When atomic_chunks: true, the node makes LLM calls for decomposition and cost reflects that usage.

Attribute meaning:

  • metrics: five results when both output and reference are present; empty when either is absent
  • name: refalign_precision, refalign_recall, refalign_f1, refalign_global_similarity, or refalign_score
  • category: output|generation|answer
  • score: value in [0,1] (higher is better semantic alignment)
  • verdict: PASSED or FAILED against per-metric pass thresholds (precision 0.6, recall 0.6, F1 0.7, global similarity 0.6, refalign_score 0.8)
  • result[0].passed: boolean pass/fail for that metric
  • error: populated when embedding or LLM decomposition fails; null on success
  • cost.cost: 0.0 when atomic_chunks: false; non-zero when LLM decomposition is enabled
  • cost.input_tokens, cost.output_tokens: LLM token usage from atomic extraction, or null when no LLM calls are made

Usage

bash
OUTPUT_DIR=./out/refalign
mkdir -p "$OUTPUT_DIR"

CLI: Estimate Cost

bash
nexagauge estimate refalign \
  --input ./sample.json \
  --limit 5 \
  | tee "$OUTPUT_DIR/refalign_estimate.txt"

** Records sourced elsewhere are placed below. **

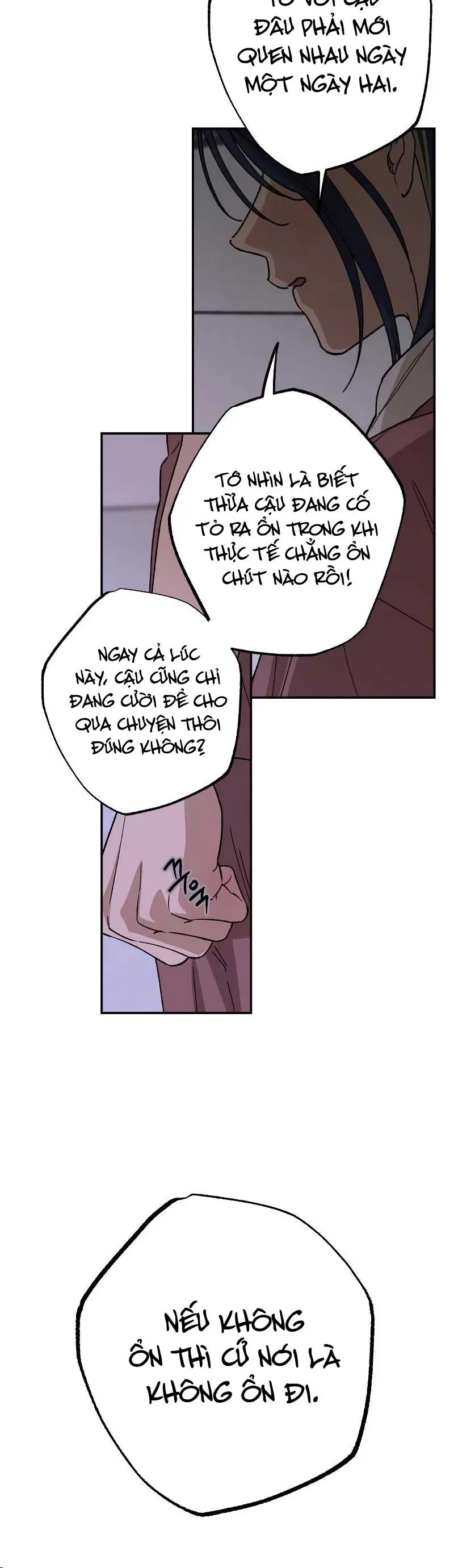 Giữa Chúng Ta Chapter 28 - 22
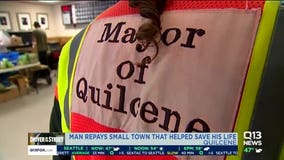 Driver on the Street: The 'mayor of Quilcene' gives back to town that helped save his life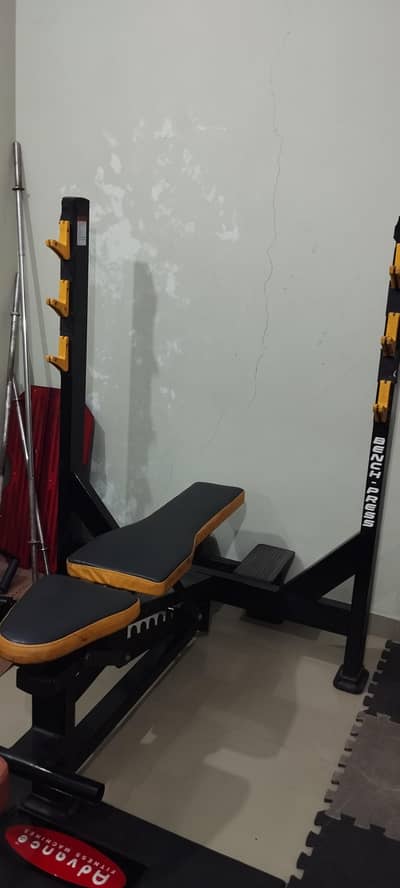 home gym equipments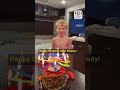 Autistic Boy Has Amazing Reaction to his Birthday Candle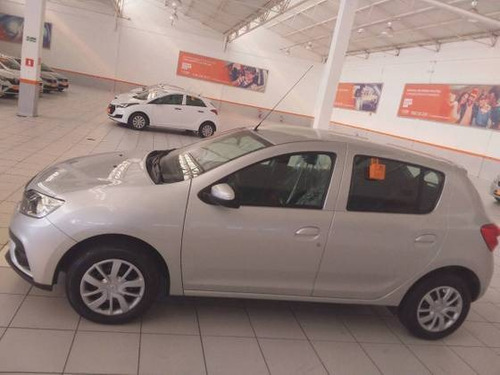 Imagem 8 de 9 de Renault Sandero 1.0 12v Sce Flex Zen Manual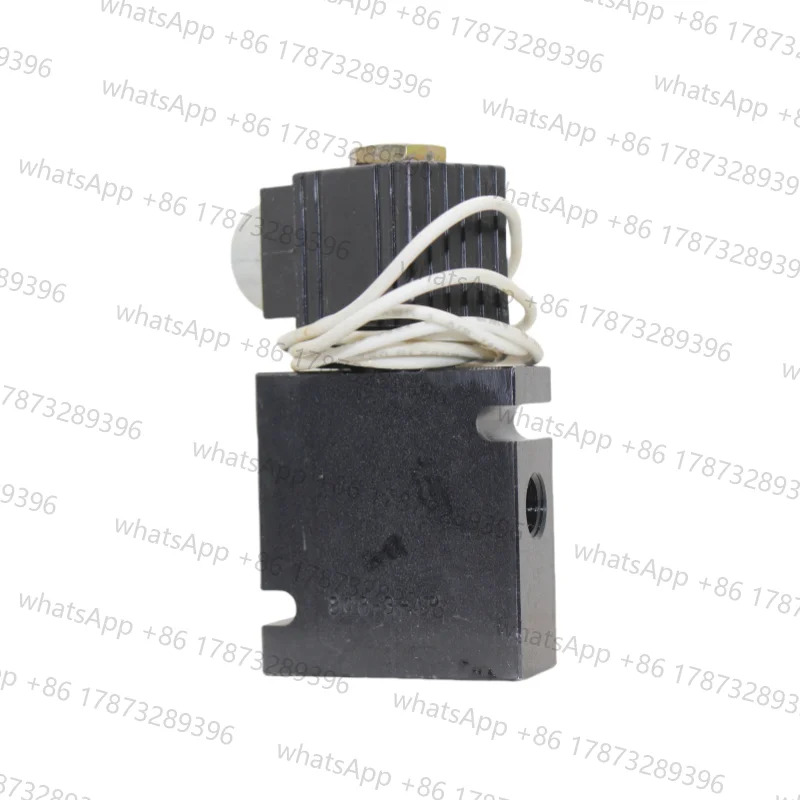 Parker 유압 밸브 DS083LVA240 솔레노이드 851003 전압 240VAC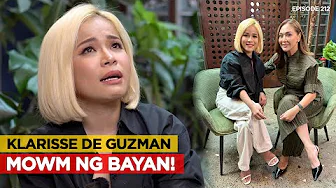 PBB’s KLARISSE DE GUZMAN: ‘Second Option’ No More! | Karen Davila Ep212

estimate supports --input and --limit. No --output-dir flag; redirect or tee to save.

CLI: Run Evaluation

bash
nexagauge run refalign \
  --input ./sample.json \
  --output-dir "$OUTPUT_DIR" \
  --limit 5

To run refalign alongside all other metrics in a single pass:

bash
nexagauge run eval \
  --input ./sample.json \
  --output-dir "$OUTPUT_DIR" \
  --limit 5

Enable Atomic Extraction

Add a refalign block to your records to enable LLM-assisted atomic decomposition:

json
{
  "case_id": "example",
  "output": "...",
  "reference": "...",
  "refalign": { "atomic_chunks": true }
}

This makes the node split coarse sentences into minimal factual units before embedding, improving alignment accuracy for long compound statements at the cost of additional LLM calls per case.